Regardless of whether you tell the truth or not (call it “exaggerating” all you want, but plaque tells no lies!), it now appears that even the ancestors of humankind had better oral hygiene than many of us floss-fearing modern types. And when they had a toothache, they took care of it themselves!
Between 1.9 and 1.6 million years ago, the Neanderthals known as Homo habilis were in the habit of using “toothpicks” to remove food scraps trapped between their teeth.
One particular fossil showed evidence that an individual used a toothpick to try and alleviate the pain of gum inflammation—periodontal disease, to be more precise—as the use of toothpicks could help mitigate the sense of soreness.
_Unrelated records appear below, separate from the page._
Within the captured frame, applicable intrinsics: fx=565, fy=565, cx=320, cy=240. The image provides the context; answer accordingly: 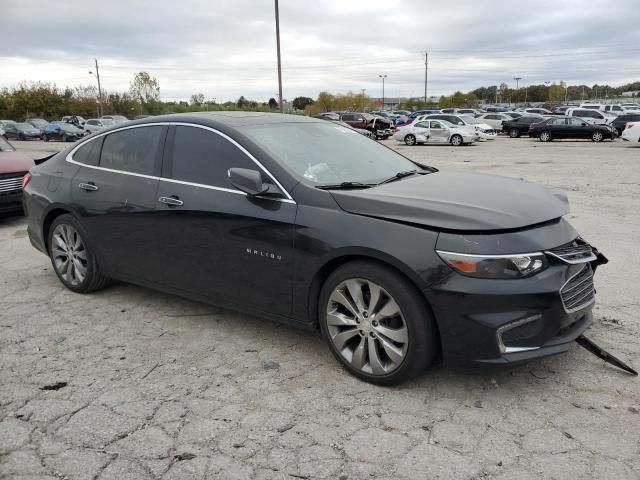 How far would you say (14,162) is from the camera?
892cm

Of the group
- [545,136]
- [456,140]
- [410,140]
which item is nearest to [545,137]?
[545,136]

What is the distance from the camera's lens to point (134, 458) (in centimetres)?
Result: 276

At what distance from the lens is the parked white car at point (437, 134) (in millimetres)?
28281

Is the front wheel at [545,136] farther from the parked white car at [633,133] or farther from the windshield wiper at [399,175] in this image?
the windshield wiper at [399,175]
This is the first known example of “pallative treatment with toothpicks, the oldest documented”, says researcher Maria Lozano. The fossil was found at Cova Forada, an archaeological site in Valencia, Spain.
That said, there are other examples of Neanderthals using toothpicks—visible in grooves caused by excess toothpick usage—that have nothing to do with gum or dental disease.
“However, in the case of Cova Forada,” says Lozano, “the toothpic was not only used as a primitive method of dental hygiene, but it is associated with a dental disease and with the clear intention to alleviate pain, and that makes it unique.”
Pain alleviation or not, one thing is clear: If ancient people were picking their teeth to get rid of stuck food millions of years ago… none of us “modern” humans have an excuse anymore for not flossing!